Fleet(フリート)とは?契約内容やメリット・デメリット、注意点を紹介
物流業界の2024年問題の解決策として、注目を集める「Fleet(フリート)」をご存知ですか?
フリートは、主に複数台の車両を保有している事業者に提供されるサービス全般を意味し、業務効率の向上や、コスト削減が可能です。
そこで本記事では、フリートとは何か、その契約内容やメリット・デメリット、導入時の注意点を解説します。導入を検討している事業者の方や、車両管理者の方は、本記事を読めばフリートの全容を把握できるので、車両管理や運行管理にお役立てください。
目次 / このページでわかること
1.Fleet(フリート)の意味
フリートとは、英語で「艦隊」を意味し、そこから派生して、企業などが保有する全車両(船舶、航空機も含む)を指します。
現在は、トラック・バス・営業車・レンタカーなど、業務用車両を指すことが一般的です。
これに関連して、複数の車両を企業にまとめて販売することをフリート販売、自動車保険ではフリート契約、車両管理ではフリートマネジメントといいます。
なお、自動車保険のフリート契約では、使用台数によって契約条件や保険料が大きく変化するため、加入前にフリート契約の仕組みを確認することが大切です。
2.Fleet(フリート)契約とノンフリート契約の違い
企業向けの自動車保険には「フリート契約」「ノンフリート契約」といった契約方式があり、複数の車両をまとめて保険に加入できます。また、その中間に位置する「ミニフリート契約」も近年注目されています。
複数の車両をまとめて契約することで、効率的な車両管理やコスト削減が可能です。ただし、保有台数や契約目的によって契約内容が変化するため、自社にとって適切な保険内容の契約が求められます。
そこで本記事では、「フリート契約」「ノンフリート契約」「ミニフリート契約」について解説します。
フリート契約とは?
フリート契約とは、車両を10台以上保有している企業や所有者を対象とした、自動車保険の契約方式です。契約は車両1台ごとではなく、会社単位(所有者単位)で一括して行います。
フリート契約条件の例は以下の通りです。
- 車検証の「所有者名」と「使用者名」が保険契約者の名義であること
- リース期間が1年以上あること
- 所有権留保条項付売買契約(月賦販売)によって購入した車両であること
- 保険契約者自身が使用している車両であること
契約方式は契約者が選べるものではなく、10台以上保有している場合、自動的にフリート契約に切り替わります。改造車の場合、改造内容や使用目的によっては、契約不可になる可能性があることを覚えておきましょう。
ノンフリート契約とは?
ノンフリート契約とは、保有車両が1〜9台の企業や所有者を対象とした契約方式です。フリート契約と同様に、契約者は契約方式を選べません。

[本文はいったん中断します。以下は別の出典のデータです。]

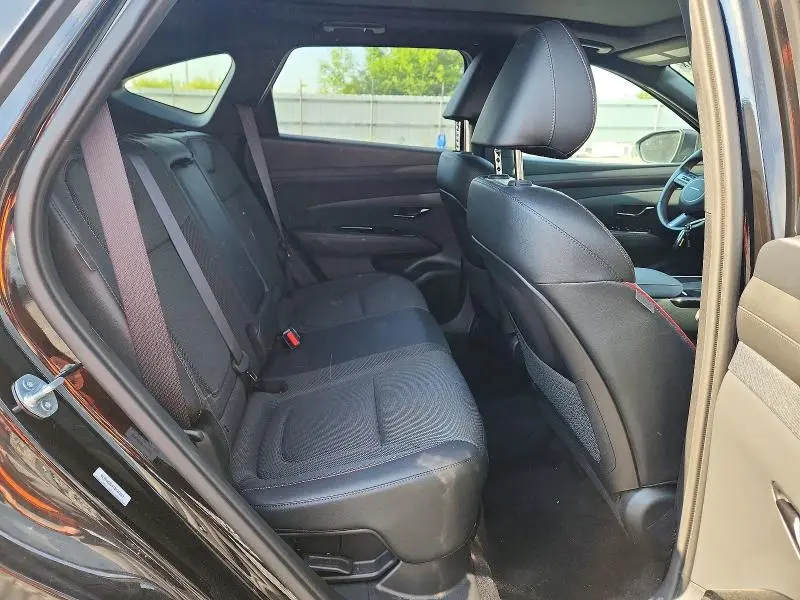 2025 HYUNDAI TUCSON N LINE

また、保険会社によって引き受け対象外となる場合があります。たとえば、「自家用8車種以外の車両」「黒地または緑地ナンバープレートの車両」などです。
ノンフリート契約では、車両1台ごとに契約を行います。また、最大35歳まで段階的に年齢条件設定がある点が特徴です。
保険料の割り増し率は、「前契約の契約期間」「ノンフリート等級(※)」「事故有係数適用期間」「事故件数」などによって決まります。
※ノンフリート等級とは
契約者の事故の有無によって、1〜20の等級に分けられ、等級に応じて保険料が増減します。事故がないほど高い等級になり、保険料が割引されます。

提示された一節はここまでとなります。